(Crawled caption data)
--------
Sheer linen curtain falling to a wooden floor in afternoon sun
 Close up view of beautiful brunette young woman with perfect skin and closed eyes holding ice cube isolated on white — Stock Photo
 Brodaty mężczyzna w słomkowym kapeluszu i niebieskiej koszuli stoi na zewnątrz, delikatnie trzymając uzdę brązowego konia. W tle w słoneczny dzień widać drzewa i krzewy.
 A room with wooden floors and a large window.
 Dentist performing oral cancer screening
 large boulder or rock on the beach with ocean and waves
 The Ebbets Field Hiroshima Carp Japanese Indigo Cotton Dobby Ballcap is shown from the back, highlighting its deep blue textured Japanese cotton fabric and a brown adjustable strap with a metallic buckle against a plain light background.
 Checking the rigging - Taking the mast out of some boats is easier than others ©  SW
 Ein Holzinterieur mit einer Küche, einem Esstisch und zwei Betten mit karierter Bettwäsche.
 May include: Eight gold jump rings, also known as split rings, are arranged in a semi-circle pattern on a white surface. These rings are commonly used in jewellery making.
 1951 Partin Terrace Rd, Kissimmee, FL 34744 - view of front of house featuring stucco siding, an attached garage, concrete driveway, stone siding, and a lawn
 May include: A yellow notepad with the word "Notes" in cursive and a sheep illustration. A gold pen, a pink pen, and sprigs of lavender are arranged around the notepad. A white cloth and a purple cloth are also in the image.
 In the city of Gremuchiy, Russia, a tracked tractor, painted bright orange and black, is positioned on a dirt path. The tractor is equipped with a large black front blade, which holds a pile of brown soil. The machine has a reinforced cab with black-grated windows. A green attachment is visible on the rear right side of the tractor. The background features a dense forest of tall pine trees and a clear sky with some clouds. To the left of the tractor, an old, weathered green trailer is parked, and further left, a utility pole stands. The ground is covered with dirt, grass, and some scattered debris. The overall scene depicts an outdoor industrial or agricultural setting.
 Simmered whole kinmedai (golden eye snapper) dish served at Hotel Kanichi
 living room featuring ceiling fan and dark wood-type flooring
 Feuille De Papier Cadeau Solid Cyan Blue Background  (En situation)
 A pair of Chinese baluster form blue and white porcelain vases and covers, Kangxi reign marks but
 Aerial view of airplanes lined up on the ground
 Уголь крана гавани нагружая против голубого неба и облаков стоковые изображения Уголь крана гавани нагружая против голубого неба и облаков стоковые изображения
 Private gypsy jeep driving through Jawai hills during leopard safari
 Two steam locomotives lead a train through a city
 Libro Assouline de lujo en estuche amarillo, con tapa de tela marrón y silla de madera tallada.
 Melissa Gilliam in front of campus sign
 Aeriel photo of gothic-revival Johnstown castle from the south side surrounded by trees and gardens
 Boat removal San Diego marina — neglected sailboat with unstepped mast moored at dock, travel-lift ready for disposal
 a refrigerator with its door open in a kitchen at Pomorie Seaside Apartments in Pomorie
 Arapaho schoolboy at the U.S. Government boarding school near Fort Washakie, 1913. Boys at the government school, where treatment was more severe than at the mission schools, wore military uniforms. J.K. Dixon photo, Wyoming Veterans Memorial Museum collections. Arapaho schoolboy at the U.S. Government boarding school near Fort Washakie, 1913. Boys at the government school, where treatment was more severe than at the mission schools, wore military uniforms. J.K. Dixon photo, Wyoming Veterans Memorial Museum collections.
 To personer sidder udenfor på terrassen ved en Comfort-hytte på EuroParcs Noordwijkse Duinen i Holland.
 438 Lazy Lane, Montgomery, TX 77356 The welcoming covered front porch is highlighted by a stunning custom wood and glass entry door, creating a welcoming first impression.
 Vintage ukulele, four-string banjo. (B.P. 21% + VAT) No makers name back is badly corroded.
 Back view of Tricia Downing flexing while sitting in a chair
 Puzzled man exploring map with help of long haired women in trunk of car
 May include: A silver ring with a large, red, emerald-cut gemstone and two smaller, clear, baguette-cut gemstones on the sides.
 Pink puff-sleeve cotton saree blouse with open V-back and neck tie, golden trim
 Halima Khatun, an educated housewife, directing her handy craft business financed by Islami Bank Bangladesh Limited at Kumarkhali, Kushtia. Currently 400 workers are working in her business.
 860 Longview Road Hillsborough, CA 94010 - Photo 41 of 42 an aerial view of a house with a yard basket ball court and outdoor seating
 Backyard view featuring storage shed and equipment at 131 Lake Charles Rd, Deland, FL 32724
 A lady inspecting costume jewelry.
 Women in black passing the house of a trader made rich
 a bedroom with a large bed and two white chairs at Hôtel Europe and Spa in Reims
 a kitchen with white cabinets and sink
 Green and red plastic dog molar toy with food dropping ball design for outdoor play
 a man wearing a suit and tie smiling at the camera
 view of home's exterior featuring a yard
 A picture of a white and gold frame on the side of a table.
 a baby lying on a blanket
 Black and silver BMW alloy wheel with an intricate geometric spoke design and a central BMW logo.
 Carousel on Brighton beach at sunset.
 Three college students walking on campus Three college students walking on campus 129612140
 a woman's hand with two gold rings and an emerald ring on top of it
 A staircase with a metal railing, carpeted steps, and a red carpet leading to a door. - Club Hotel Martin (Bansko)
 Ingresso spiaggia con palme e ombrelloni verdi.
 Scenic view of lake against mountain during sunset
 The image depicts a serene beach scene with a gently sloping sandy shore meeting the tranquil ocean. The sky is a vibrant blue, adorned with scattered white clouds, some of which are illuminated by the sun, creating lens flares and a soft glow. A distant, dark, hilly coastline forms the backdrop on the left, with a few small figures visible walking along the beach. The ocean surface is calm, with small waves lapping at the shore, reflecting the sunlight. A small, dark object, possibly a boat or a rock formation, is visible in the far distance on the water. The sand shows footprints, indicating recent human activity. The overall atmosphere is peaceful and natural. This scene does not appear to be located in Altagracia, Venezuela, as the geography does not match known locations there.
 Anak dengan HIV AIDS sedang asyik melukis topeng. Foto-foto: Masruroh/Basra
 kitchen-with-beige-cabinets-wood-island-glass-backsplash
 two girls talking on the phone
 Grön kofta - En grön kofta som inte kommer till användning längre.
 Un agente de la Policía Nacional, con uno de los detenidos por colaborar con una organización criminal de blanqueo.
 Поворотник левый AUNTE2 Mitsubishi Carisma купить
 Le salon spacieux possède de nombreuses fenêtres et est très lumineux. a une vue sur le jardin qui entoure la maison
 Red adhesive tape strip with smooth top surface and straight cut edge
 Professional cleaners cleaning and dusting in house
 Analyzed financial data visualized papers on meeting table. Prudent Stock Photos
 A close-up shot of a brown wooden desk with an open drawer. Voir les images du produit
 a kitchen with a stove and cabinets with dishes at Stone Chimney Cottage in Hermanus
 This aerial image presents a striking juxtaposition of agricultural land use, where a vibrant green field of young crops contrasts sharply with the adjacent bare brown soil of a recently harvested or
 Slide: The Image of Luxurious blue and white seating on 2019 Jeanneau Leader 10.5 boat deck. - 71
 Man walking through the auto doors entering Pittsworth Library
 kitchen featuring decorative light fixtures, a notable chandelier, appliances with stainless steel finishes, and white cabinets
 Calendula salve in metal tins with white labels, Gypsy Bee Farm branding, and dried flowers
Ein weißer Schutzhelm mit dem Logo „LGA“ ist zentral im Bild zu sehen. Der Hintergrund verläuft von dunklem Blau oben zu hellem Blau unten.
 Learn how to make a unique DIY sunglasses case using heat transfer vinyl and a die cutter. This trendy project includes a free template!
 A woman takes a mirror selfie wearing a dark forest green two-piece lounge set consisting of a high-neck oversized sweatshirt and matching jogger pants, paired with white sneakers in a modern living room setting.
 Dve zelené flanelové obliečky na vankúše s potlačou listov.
--------
→ **YOUR INSTRUCTIONS**: Send back the complete set of entries, exactly as shown above.

→ **RESULT BELOW**:
Sheer linen curtain falling to a wooden floor in afternoon sun
 Close up view of beautiful brunette young woman with perfect skin and closed eyes holding ice cube isolated on white — Stock Photo
 Brodaty mężczyzna w słomkowym kapeluszu i niebieskiej koszuli stoi na zewnątrz, delikatnie trzymając uzdę brązowego konia. W tle w słoneczny dzień widać drzewa i krzewy.
 A room with wooden floors and a large window.
 Dentist performing oral cancer screening
 large boulder or rock on the beach with ocean and waves
 The Ebbets Field Hiroshima Carp Japanese Indigo Cotton Dobby Ballcap is shown from the back, highlighting its deep blue textured Japanese cotton fabric and a brown adjustable strap with a metallic buckle against a plain light background.
 Checking the rigging - Taking the mast out of some boats is easier than others ©  SW
 Ein Holzinterieur mit einer Küche, einem Esstisch und zwei Betten mit karierter Bettwäsche.
 May include: Eight gold jump rings, also known as split rings, are arranged in a semi-circle pattern on a white surface. These rings are commonly used in jewellery making.
 1951 Partin Terrace Rd, Kissimmee, FL 34744 - view of front of house featuring stucco siding, an attached garage, concrete driveway, stone siding, and a lawn
 May include: A yellow notepad with the word "Notes" in cursive and a sheep illustration. A gold pen, a pink pen, and sprigs of lavender are arranged around the notepad. A white cloth and a purple cloth are also in the image.
 In the city of Gremuchiy, Russia, a tracked tractor, painted bright orange and black, is positioned on a dirt path. The tractor is equipped with a large black front blade, which holds a pile of brown soil. The machine has a reinforced cab with black-grated windows. A green attachment is visible on the rear right side of the tractor. The background features a dense forest of tall pine trees and a clear sky with some clouds. To the left of the tractor, an old, weathered green trailer is parked, and further left, a utility pole stands. The ground is covered with dirt, grass, and some scattered debris. The overall scene depicts an outdoor industrial or agricultural setting.
 Simmered whole kinmedai (golden eye snapper) dish served at Hotel Kanichi
 living room featuring ceiling fan and dark wood-type flooring
 Feuille De Papier Cadeau Solid Cyan Blue Background  (En situation)
 A pair of Chinese baluster form blue and white porcelain vases and covers, Kangxi reign marks but
 Aerial view of airplanes lined up on the ground
 Уголь крана гавани нагружая против голубого неба и облаков стоковые изображения Уголь крана гавани нагружая против голубого неба и облаков стоковые изображения
 Private gypsy jeep driving through Jawai hills during leopard safari
 Two steam locomotives lead a train through a city
 Libro Assouline de lujo en estuche amarillo, con tapa de tela marrón y silla de madera tallada.
 Melissa Gilliam in front of campus sign
 Aeriel photo of gothic-revival Johnstown castle from the south side surrounded by trees and gardens
 Boat removal San Diego marina — neglected sailboat with unstepped mast moored at dock, travel-lift ready for disposal
 a refrigerator with its door open in a kitchen at Pomorie Seaside Apartments in Pomorie
 Arapaho schoolboy at the U.S. Government boarding school near Fort Washakie, 1913. Boys at the government school, where treatment was more severe than at the mission schools, wore military uniforms. J.K. Dixon photo, Wyoming Veterans Memorial Museum collections. Arapaho schoolboy at the U.S. Government boarding school near Fort Washakie, 1913. Boys at the government school, where treatment was more severe than at the mission schools, wore military uniforms. J.K. Dixon photo, Wyoming Veterans Memorial Museum collections.
 To personer sidder udenfor på terrassen ved en Comfort-hytte på EuroParcs Noordwijkse Duinen i Holland.
 438 Lazy Lane, Montgomery, TX 77356 The welcoming covered front porch is highlighted by a stunning custom wood and glass entry door, creating a welcoming first impression.
 Vintage ukulele, four-string banjo. (B.P. 21% + VAT) No makers name back is badly corroded.
 Back view of Tricia Downing flexing while sitting in a chair
 Puzzled man exploring map with help of long haired women in trunk of car
 May include: A silver ring with a large, red, emerald-cut gemstone and two smaller, clear, baguette-cut gemstones on the sides.
 Pink puff-sleeve cotton saree blouse with open V-back and neck tie, golden trim
 Halima Khatun, an educated housewife, directing her handy craft business financed by Islami Bank Bangladesh Limited at Kumarkhali, Kushtia. Currently 400 workers are working in her business.
 860 Longview Road Hillsborough, CA 94010 - Photo 41 of 42 an aerial view of a house with a yard basket ball court and outdoor seating
 Backyard view featuring storage shed and equipment at 131 Lake Charles Rd, Deland, FL 32724
 A lady inspecting costume jewelry.
 Women in black passing the house of a trader made rich
 a bedroom with a large bed and two white chairs at Hôtel Europe and Spa in Reims
 a kitchen with white cabinets and sink
 Green and red plastic dog molar toy with food dropping ball design for outdoor play
 a man wearing a suit and tie smiling at the camera
 view of home's exterior featuring a yard
 A picture of a white and gold frame on the side of a table.
 a baby lying on a blanket
 Black and silver BMW alloy wheel with an intricate geometric spoke design and a central BMW logo.
 Carousel on Brighton beach at sunset.
 Three college students walking on campus Three college students walking on campus 129612140
 a woman's hand with two gold rings and an emerald ring on top of it
 A staircase with a metal railing, carpeted steps, and a red carpet leading to a door. - Club Hotel Martin (Bansko)
 Ingresso spiaggia con palme e ombrelloni verdi.
 Scenic view of lake against mountain during sunset
 The image depicts a serene beach scene with a gently sloping sandy shore meeting the tranquil ocean. The sky is a vibrant blue, adorned with scattered white clouds, some of which are illuminated by the sun, creating lens flares and a soft glow. A distant, dark, hilly coastline forms the backdrop on the left, with a few small figures visible walking along the beach. The ocean surface is calm, with small waves lapping at the shore, reflecting the sunlight. A small, dark object, possibly a boat or a rock formation, is visible in the far distance on the water. The sand shows footprints, indicating recent human activity. The overall atmosphere is peaceful and natural. This scene does not appear to be located in Altagracia, Venezuela, as the geography does not match known locations there.
 Anak dengan HIV AIDS sedang asyik melukis topeng. Foto-foto: Masruroh/Basra
 kitchen-with-beige-cabinets-wood-island-glass-backsplash
 two girls talking on the phone
 Grön kofta - En grön kofta som inte kommer till användning längre.
 Un agente de la Policía Nacional, con uno de los detenidos por colaborar con una organización criminal de blanqueo.
 Поворотник левый AUNTE2 Mitsubishi Carisma купить
 Le salon spacieux possède de nombreuses fenêtres et est très lumineux. a une vue sur le jardin qui entoure la maison
 Red adhesive tape strip with smooth top surface and straight cut edge
 Professional cleaners cleaning and dusting in house
 Analyzed financial data visualized papers on meeting table. Prudent Stock Photos
 A close-up shot of a brown wooden desk with an open drawer. Voir les images du produit
 a kitchen with a stove and cabinets with dishes at Stone Chimney Cottage in Hermanus
 This aerial image presents a striking juxtaposition of agricultural land use, where a vibrant green field of young crops contrasts sharply with the adjacent bare brown soil of a recently harvested or
 Slide: The Image of Luxurious blue and white seating on 2019 Jeanneau Leader 10.5 boat deck. - 71
 Man walking through the auto doors entering Pittsworth Library
 kitchen featuring decorative light fixtures, a notable chandelier, appliances with stainless steel finishes, and white cabinets
 Calendula salve in metal tins with white labels, Gypsy Bee Farm branding, and dried flowers
Ein weißer Schutzhelm mit dem Logo „LGA“ ist zentral im Bild zu sehen. Der Hintergrund verläuft von dunklem Blau oben zu hellem Blau unten.
 Learn how to make a unique DIY sunglasses case using heat transfer vinyl and a die cutter. This trendy project includes a free template!
 A woman takes a mirror selfie wearing a dark forest green two-piece lounge set consisting of a high-neck oversized sweatshirt and matching jogger pants, paired with white sneakers in a modern living room setting.
 Dve zelené flanelové obliečky na vankúše s potlačou listov.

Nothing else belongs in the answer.